No Chile, surge, uma experiência bastante peculiarl de pintura urbana, as brigadas muralistas; Ramona Parra, Inti Peredo, Elmo Catalán. São grupos compostos por operários, estudantes secundaristas e universitários que atuam nas ruas produzindo pinturas coloridas que mesclam iconografia popular, fatos cotidianos com forte conteúdo político e artístico. (Fig. 49 - 50)

Nasceram clandestinamente como forma de luta política, na década de 70 e tiveram grande difusão em todo país durante a campanha do presidente socialista Salvador Allende.

Em grandes cidades da América Latina, hoje as vertentes dos grafites se misturam: a iconografia popular, e a monumentalidade muralista e forte influência novaiorquina a outras vertentes ligadas ao “movimento”

street art que tem crescido muito

nos últimos anos. A vertente política dos grafites surge, mesmo que de forma reprimida, nos períodos dos regimes autoritaristas, como formas expressivas e de crítica social e como resistência às forças opressivas do Estado. Mas também eles se propagam nos períodos democráticos, como forma de afirmação da liberdade e autonomia dos cidadãos.

FIGURA 51

FIGURA 52

Na Argentina durante o período da crise econômica no final de 2001 houve uma grande onda de grafites stencil. (Fig. 52-53) Vários grupos surgiram chamando a atenção das pessoas pela ironia, humor, criatividade evidenciando forte senso crítico, social e político Grupo Vomito atack, BsAsstncl de Buenos Aires e Grupo Escombros. Os grafites stencil tomam um lugar bastante legítimo na esfera social na Argentina.
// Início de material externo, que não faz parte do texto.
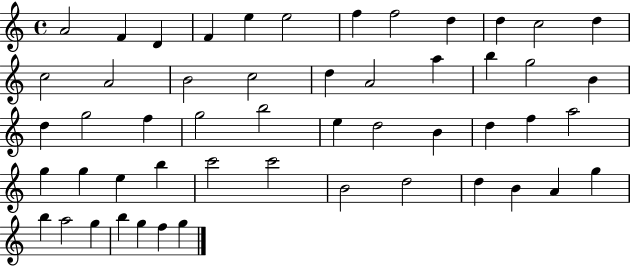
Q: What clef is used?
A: treble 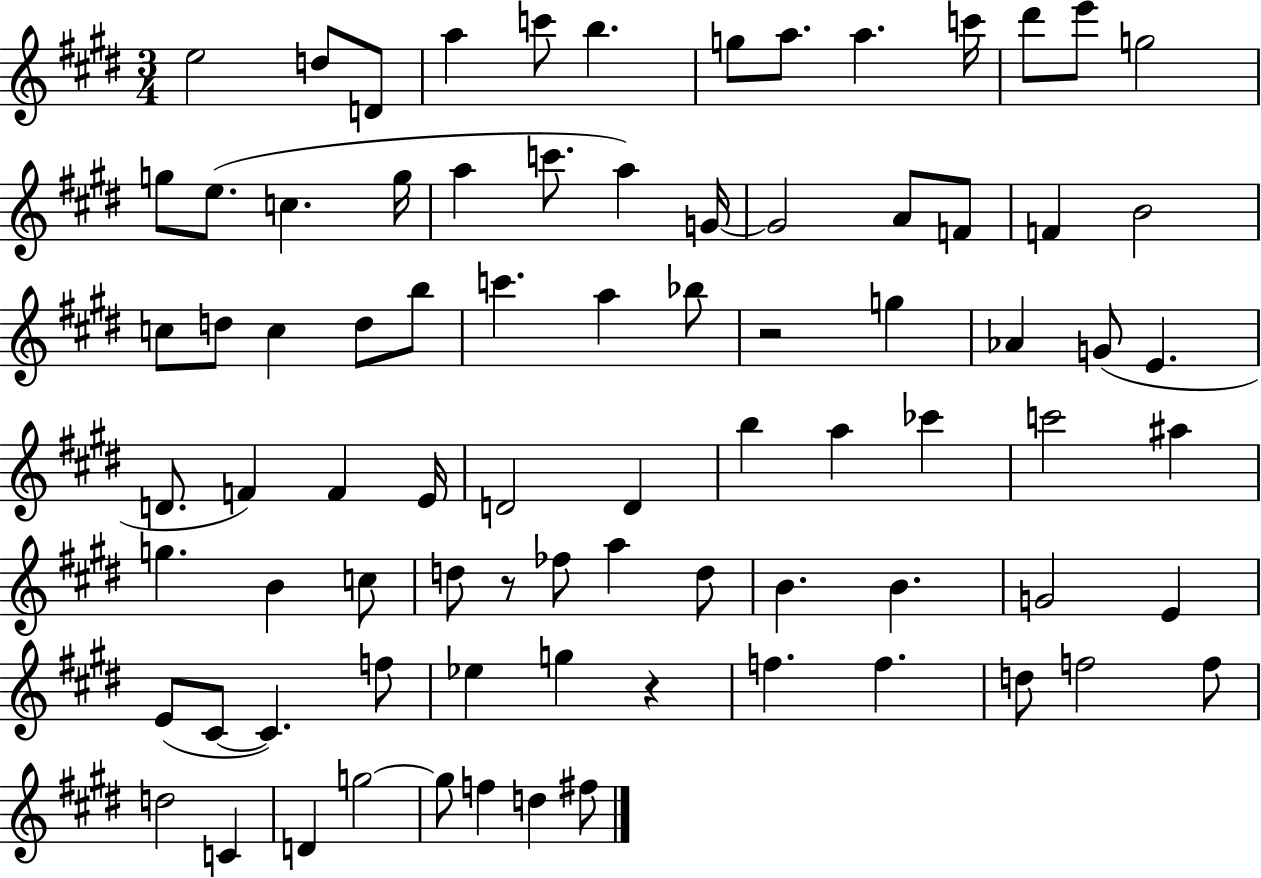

No universo estético dos grafites coexistem temas mais diversos, muitos grupos recorrem de forma bastante criativa e crítica a temáticas que englobam a cultura popular juvenil, a personagens célebres, ligadas a música, ao esporte e a temas que estejam em voga como, criticas as guerras imperialistas, questões decorrentes da globalização, causas ambientalistas.

Os grafites possibilitam a jovens artistas que manterem atividades articuladas, hoje facilitadas pela internet, com movimentos de vários países. A intencionalidade política destes grafites funciona não como tomada de poder, mas como consciência de um desejo de um mundo multiparticipativo, de ação cidadã e de exercício de autonomia.